Adam Kieft

No. 70
- Position: Offensive tackle

Personal information
- Born: August 21, 1982 (age 43)
- Listed height: 6 ft 7 in (2.01 m)
- Listed weight: 337 lb (153 kg)

Career information
- High school: Rockford (Rockford, Michigan)
- College: Central Michigan University
- NFL draft: 2005: 5/ Pick 153rd round

Career history
- 2005–2007: Cincinnati Bengals

= Adam Kieft =

American football player (born 1982)

Adam Kieft (born August 21, 1982) is an American former professional football offensive tackle for the Cincinnati Bengals of the National Football League (NFL). Kieft attended Rockford High School in Rockford, Michigan. He was selected with the 17th pick of the fifth round of the 2005 NFL draft out of Central Michigan University. He was redshirted his freshman year of college due to a broken foot and started the following four years as an offensive tackle for the Chippewas. He stands 6'7" tall and weighs 337 lbs.
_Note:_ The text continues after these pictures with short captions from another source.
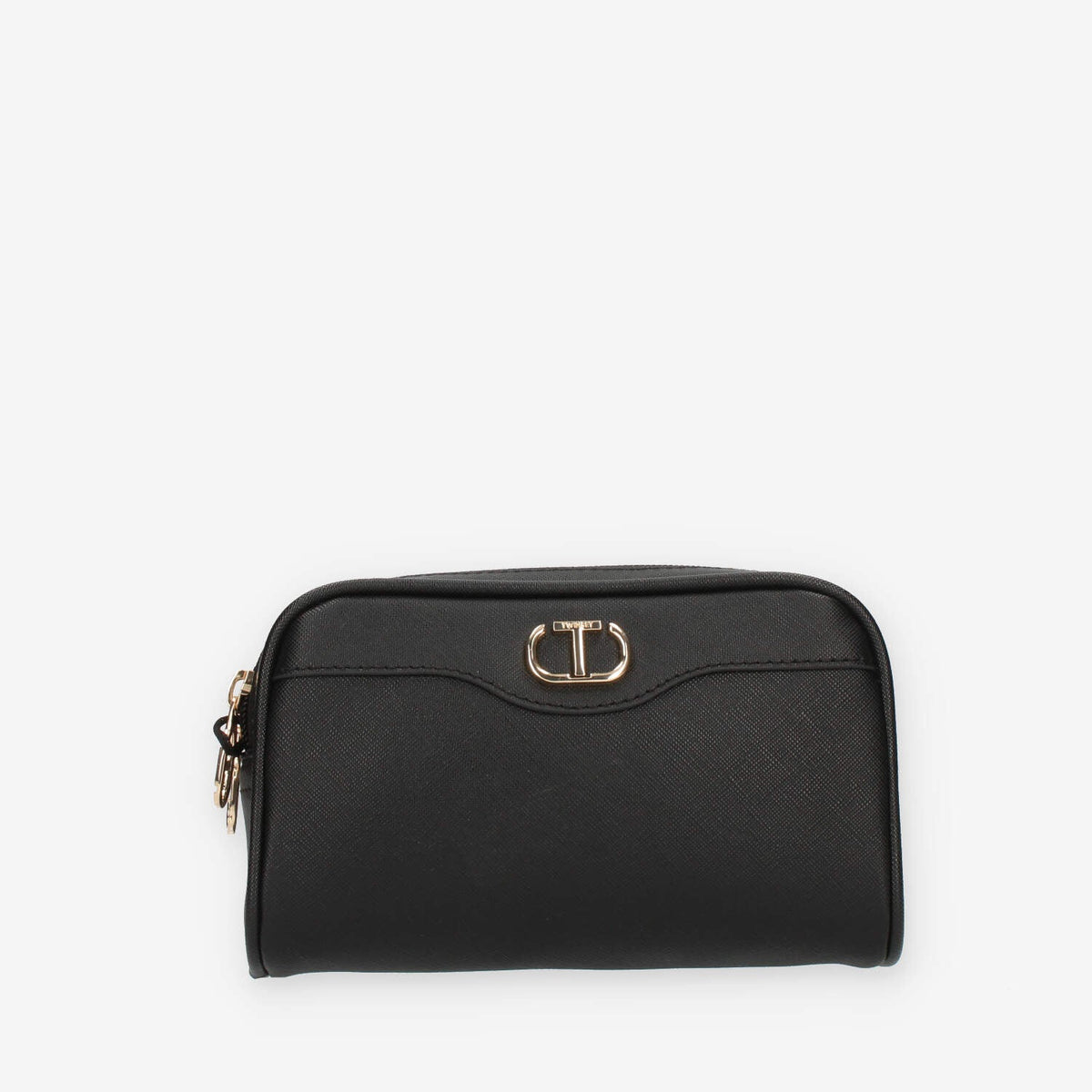 Twinset Milano Beauty nero a 2 scomparti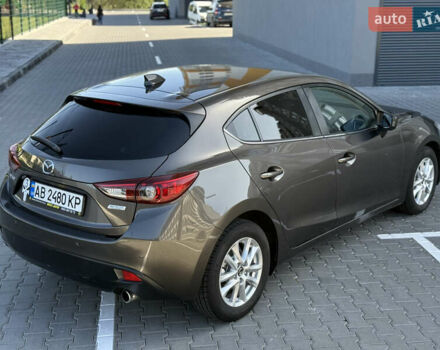 Серый Мазда 3, объемом двигателя 2.2 л и пробегом 235 тыс. км за 11900 $, фото 14 на Automoto.ua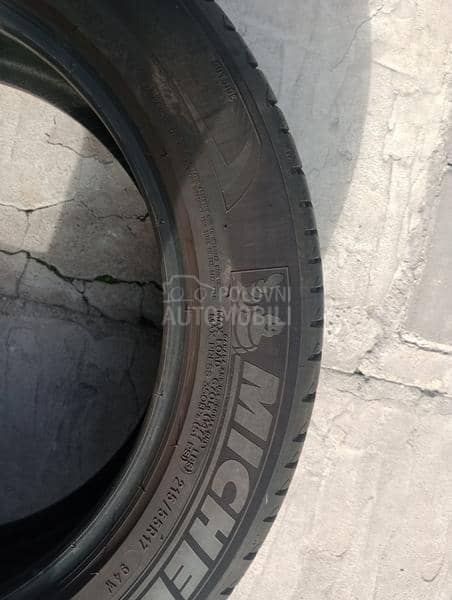 Michelin 215/55 R17 Letnja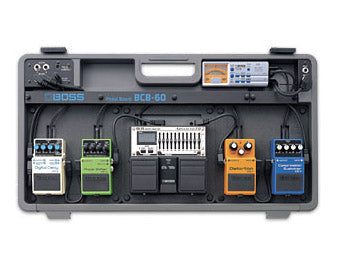 Boss BCB-60 Pedal Board - Fair Deal Music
Kieft sat out his first two seasons in Cincinnati due to a knee injury (torn ACL/MCL in rookie mock game). He signed a 3-year contract with the Bengals after being drafted in the fifth round with the 153rd overall pick in the 2005 NFL draft. On August 28, 2007, Kieft was placed on the reserve/injured list. On February 28, 2008, the Bengals did not tender an offer to Kieft, making him a free agent.